§ **Work required**
Only one part of the listing is needed: the lines from the one with "Innerlinks Set 1" through the last line, copied exactly and free of pictures.

§ **Available data**
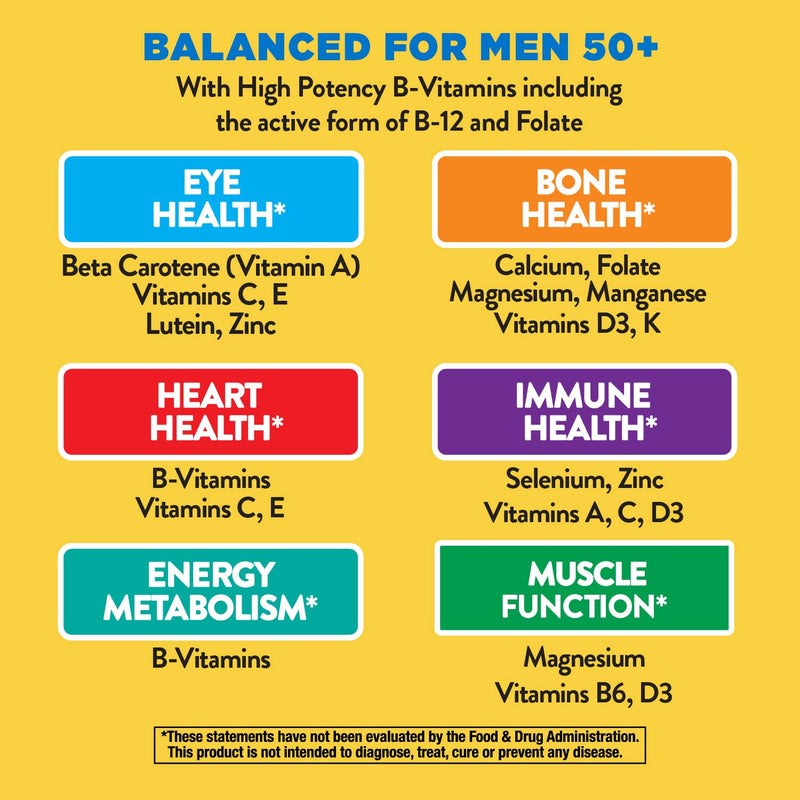 Nature’s Way Alive! Men’s 50+ Ultra Potency Complete Multivitamin, High Potency B-Vitamins, 150 Tablets Men's 50+ 150 Count - NewNest Australia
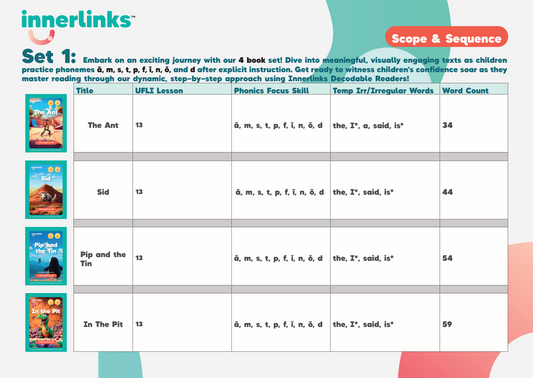 Innerlinks Set 1 decodable books scope and sequence chart showing phonics patterns aligned to UFLI Foundations lessons 13 to 16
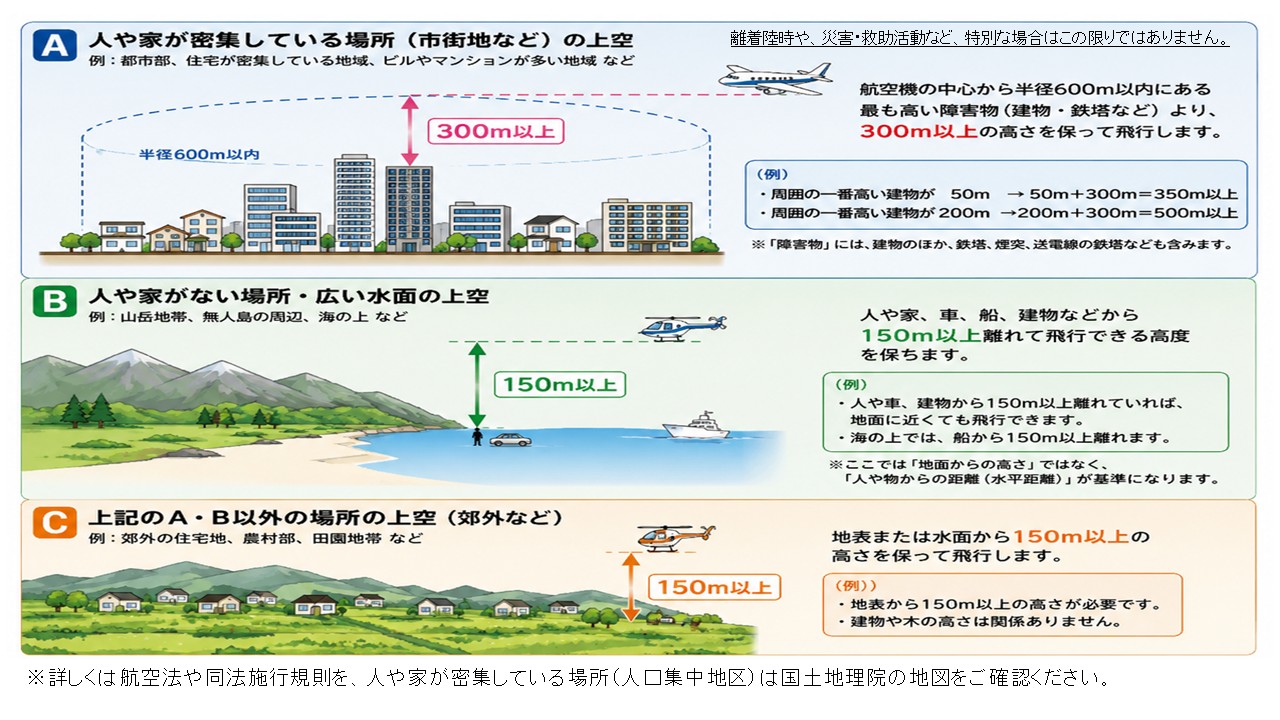 最低安全高度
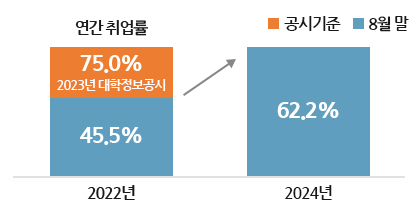 졸업생 취업 현황 이미지'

§ **Solution**
 Innerlinks Set 1 decodable books scope and sequence chart showing phonics patterns aligned to UFLI Foundations lessons 13 to 16
 最低安全高度
 졸업생 취업 현황 이미지'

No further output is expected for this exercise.